» **What is needed**
Write back every line of the listing exactly, excluding images.

» **Provided data**
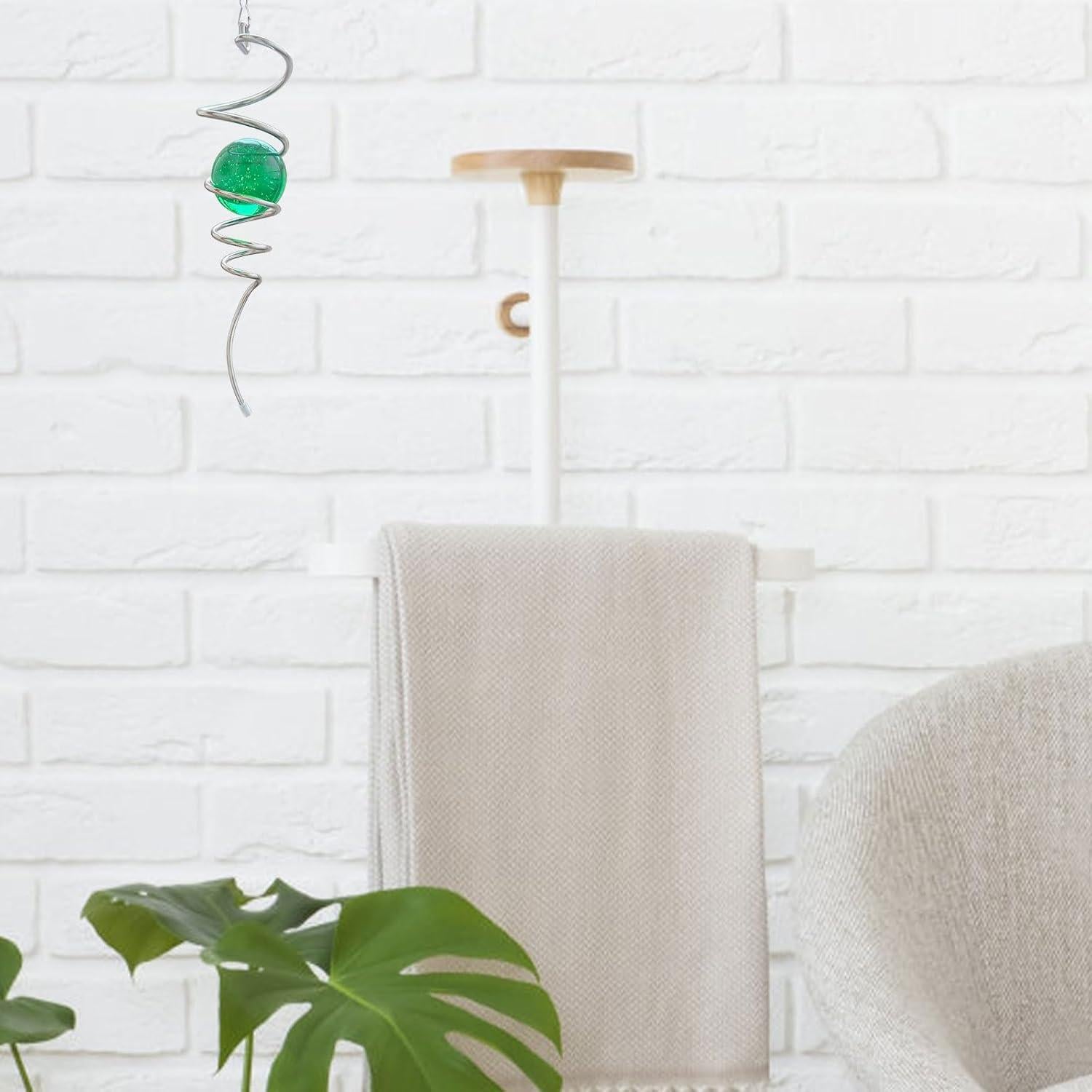 Cola Espiral Eiryhope con Esfera de Vidrio Verde 33 cm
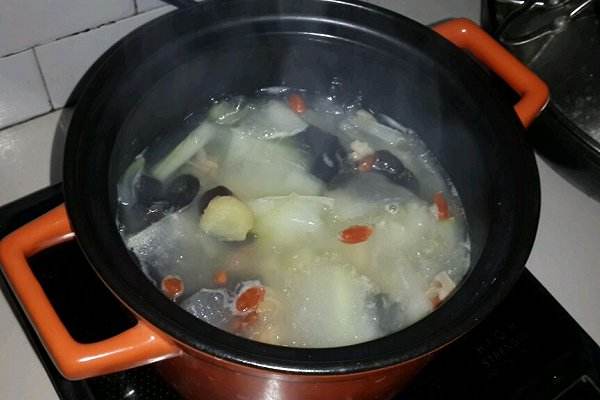 枸杞虾皮炖冬瓜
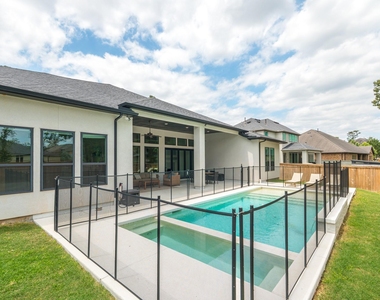 10561 Lake Palmetto Drive - Photo Thumbnail 46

» **Solution for this task**
 Cola Espiral Eiryhope con Esfera de Vidrio Verde 33 cm
 枸杞虾皮炖冬瓜
 10561 Lake Palmetto Drive - Photo Thumbnail 46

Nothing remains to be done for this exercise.